Task details:
Copy the lines below exactly, starting with the first and finishing with the one holding "Maillot de Foot"; do not copy the pictures.

Material to process:
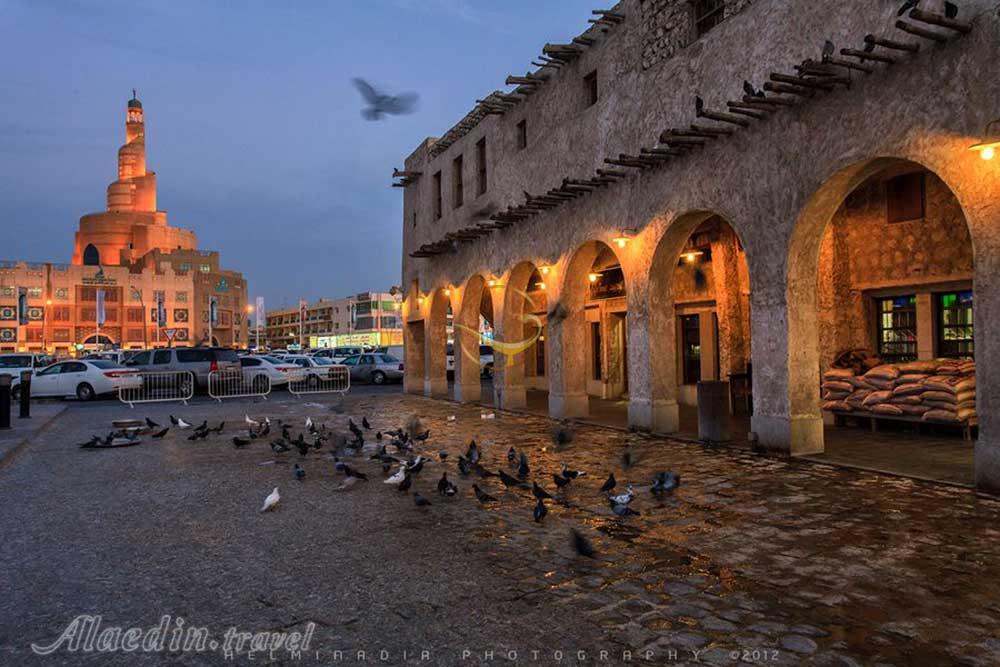 بازار قدیمی سوق واقف دوحه | علاءالدین تراول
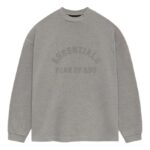 Essentials Heavy Long-Sleeve T-shirt 'Heather Grey'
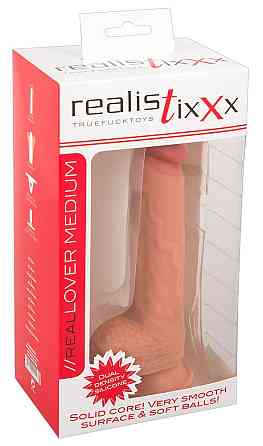 Фалоімітатор з мошонкою - Realistixxx Real Lover Medium Sex Aura Київ
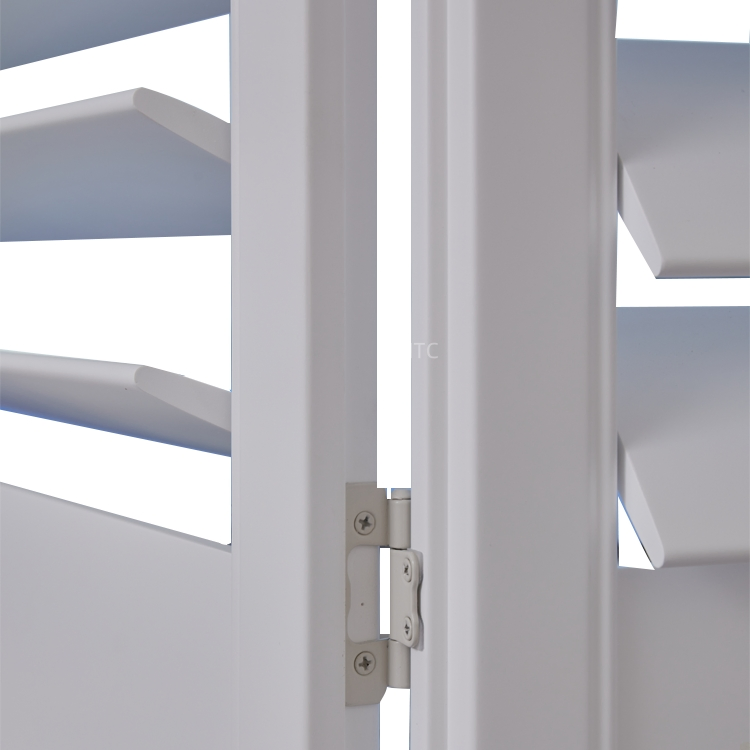 White 1810mm*1800mm Adjustable Paulownia Wood Window Plantation Shutters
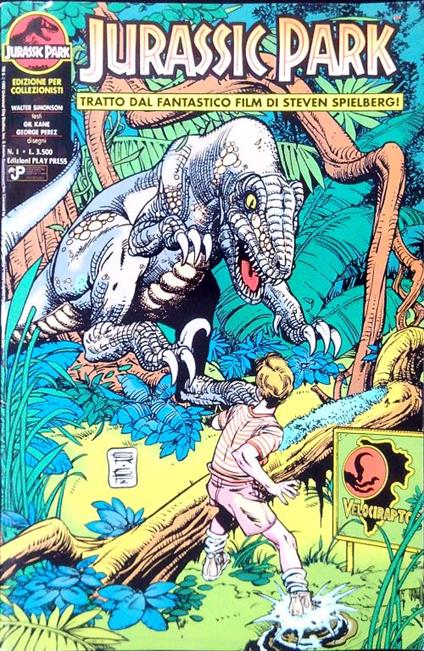 Jurassic Park N. 1 - copertina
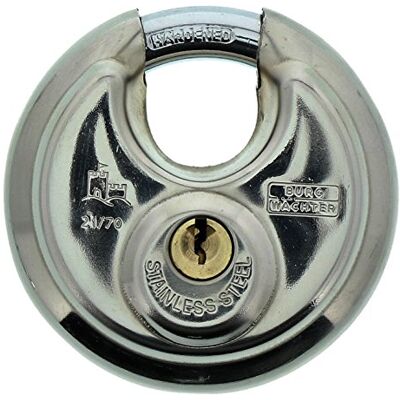 Burg-Wächter Cadenas à anse ronde, Cadenas avec clés, Diamètre de l’anse 10 mm, Corps en inox, Cadenas en laiton, Protection anti-coupe, Circle 21 70 SB - Publicité Burg-Wächter Cadenas à anse ronde, Cadenas avec clés, Diamètre de l’anse 10 mm, Corps en inox, Cadenas en laiton, Protection anti-coupe, Circle 21 70 SB - Publicité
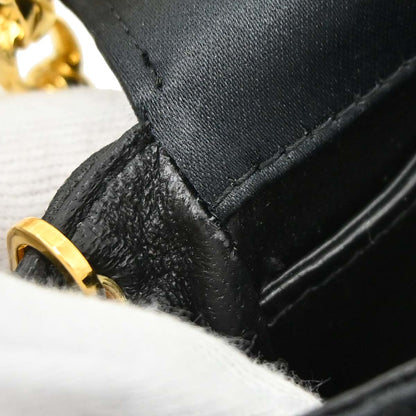 Chanel Black Satin Bijou Chain Shoulder Bag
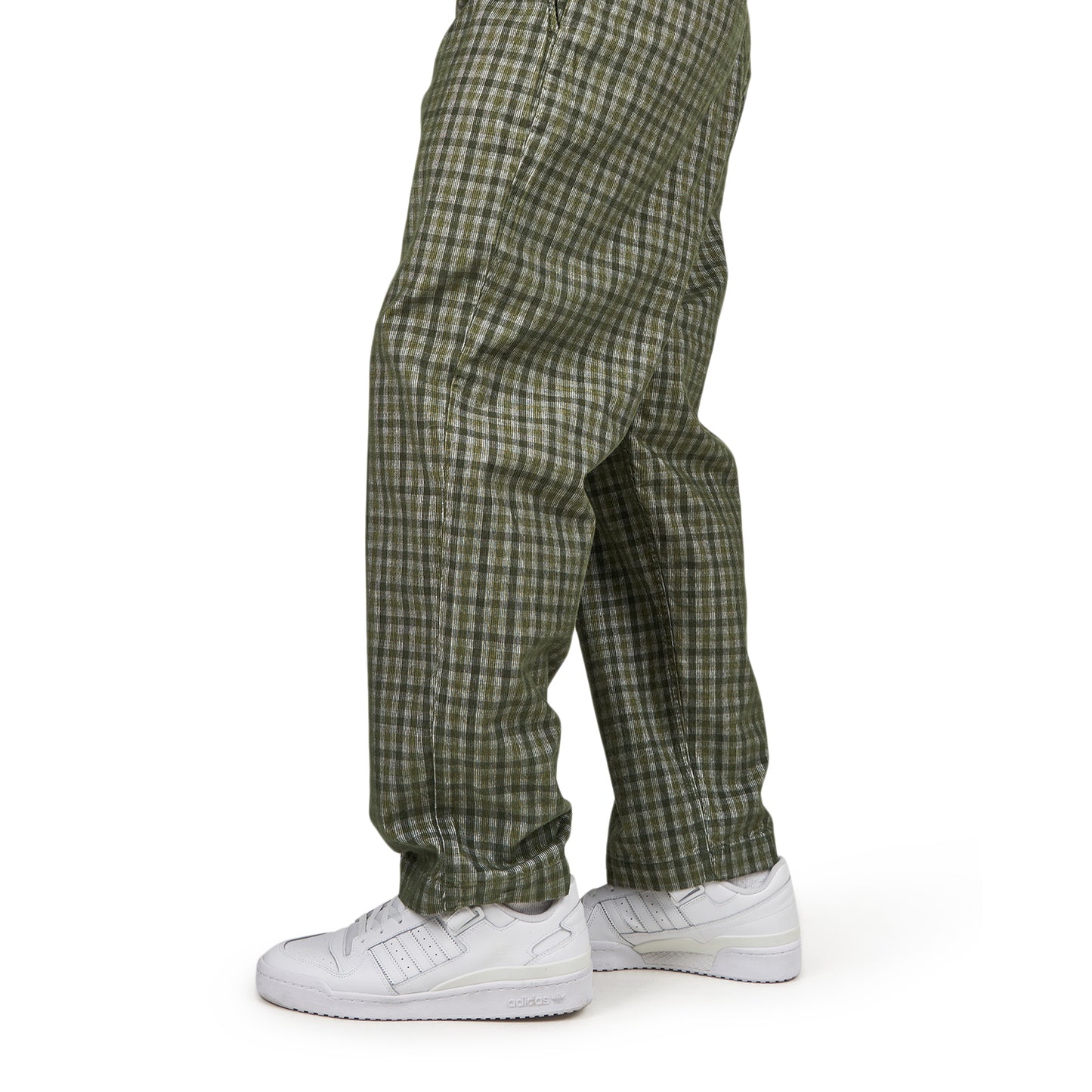 Obey Fubar Pleated Plaid Cord Pant (Grün / Grau)  - Allike Store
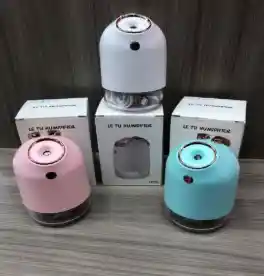 Difusor Humidificador Con Luz De Color Recargable
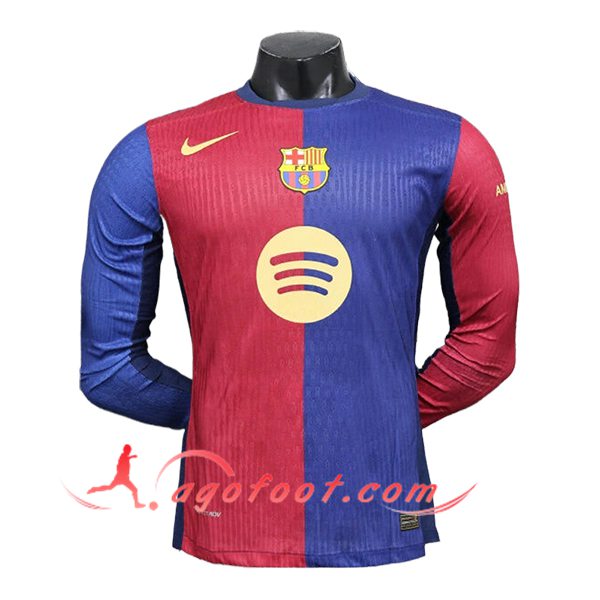 Maillot de Foot FC Barcelone Manches Longues Domicile 2024/2025 -02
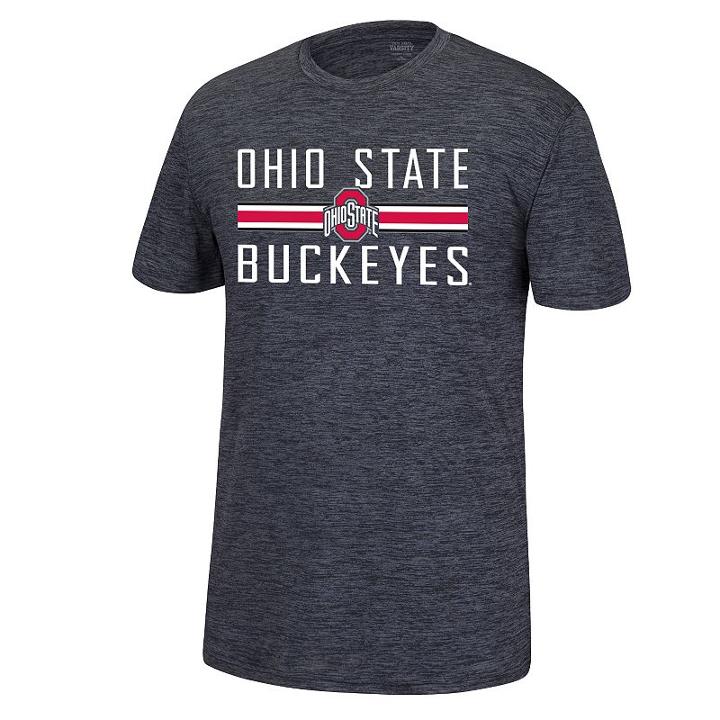 Men's Ohio State Buckeyes Invader Space-dyed Tee, Size: Large, Black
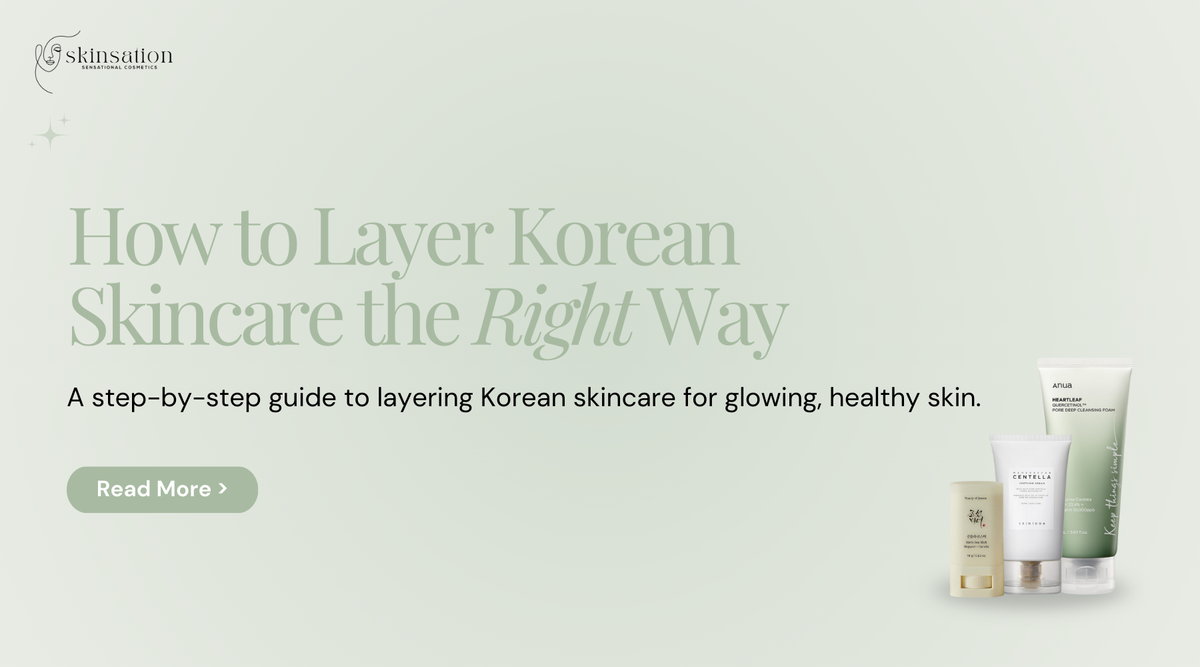 How to Layer Korean Skincare the Right Way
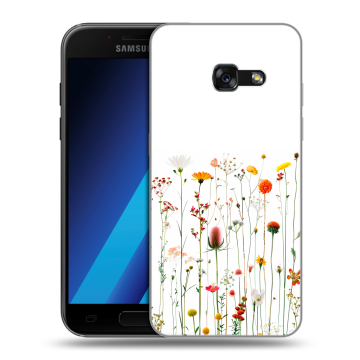 Силиконовый чехол на Samsung Galaxy A7 (2017) с принтом цветы Силиконовый чехол на Samsung Galaxy A7 (2017) с принтом цветы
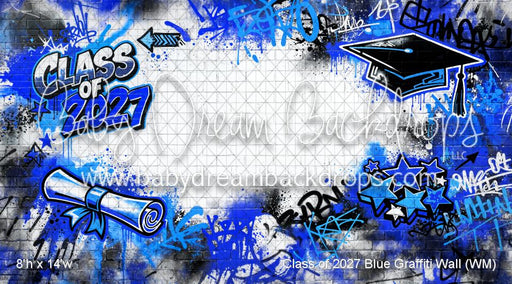 Class of 2027 Blue Graffiti Wall (WM)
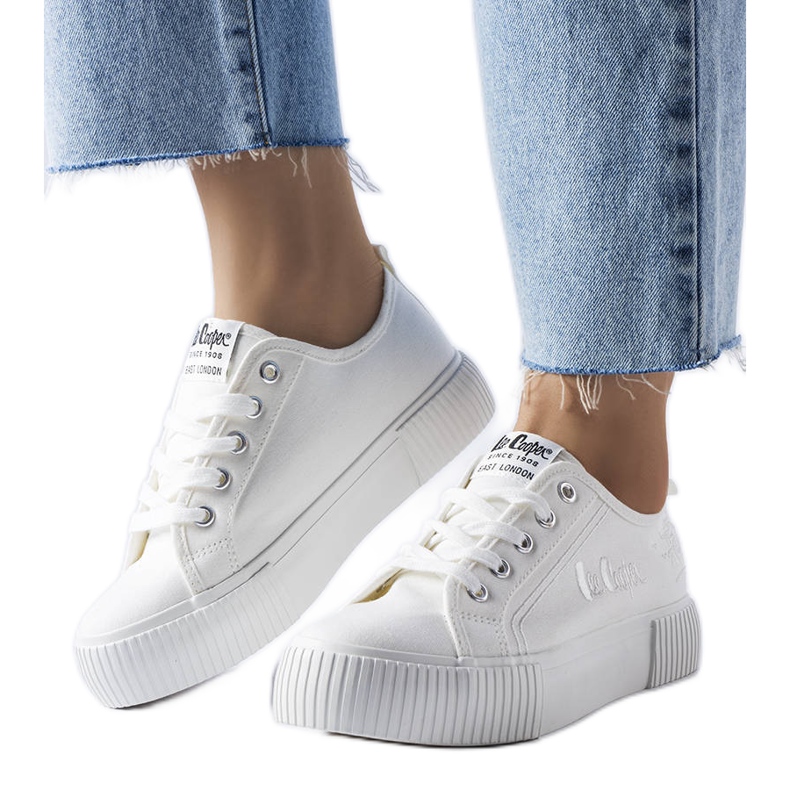 Lee Cooper LCW-23-31-1806L zapatillas blancas blanco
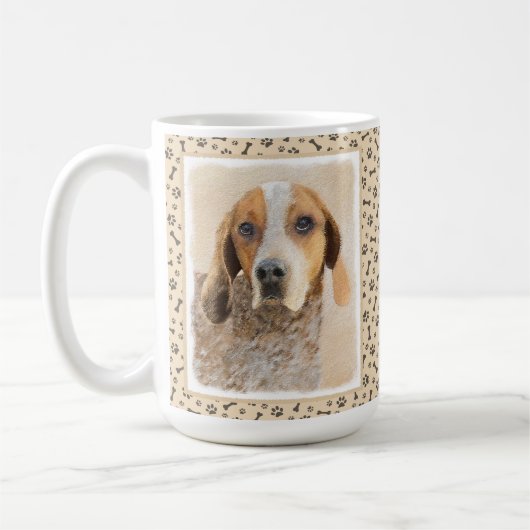 Mug Peinture américaine anglaise sur pilon - Chien Art (Gauche)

Answer to this exercise:
 بازار قدیمی سوق واقف دوحه | علاءالدین تراول
 Essentials Heavy Long-Sleeve T-shirt 'Heather Grey'
 Фалоімітатор з мошонкою - Realistixxx Real Lover Medium Sex Aura Київ
 White 1810mm*1800mm Adjustable Paulownia Wood Window Plantation Shutters
 Jurassic Park N. 1 - copertina
 Burg-Wächter Cadenas à anse ronde, Cadenas avec clés, Diamètre de l’anse 10 mm, Corps en inox, Cadenas en laiton, Protection anti-coupe, Circle 21 70 SB - Publicité Burg-Wächter Cadenas à anse ronde, Cadenas avec clés, Diamètre de l’anse 10 mm, Corps en inox, Cadenas en laiton, Protection anti-coupe, Circle 21 70 SB - Publicité
 Chanel Black Satin Bijou Chain Shoulder Bag
 Obey Fubar Pleated Plaid Cord Pant (Grün / Grau)  - Allike Store
 Difusor Humidificador Con Luz De Color Recargable
 Maillot de Foot FC Barcelone Manches Longues Domicile 2024/2025 -02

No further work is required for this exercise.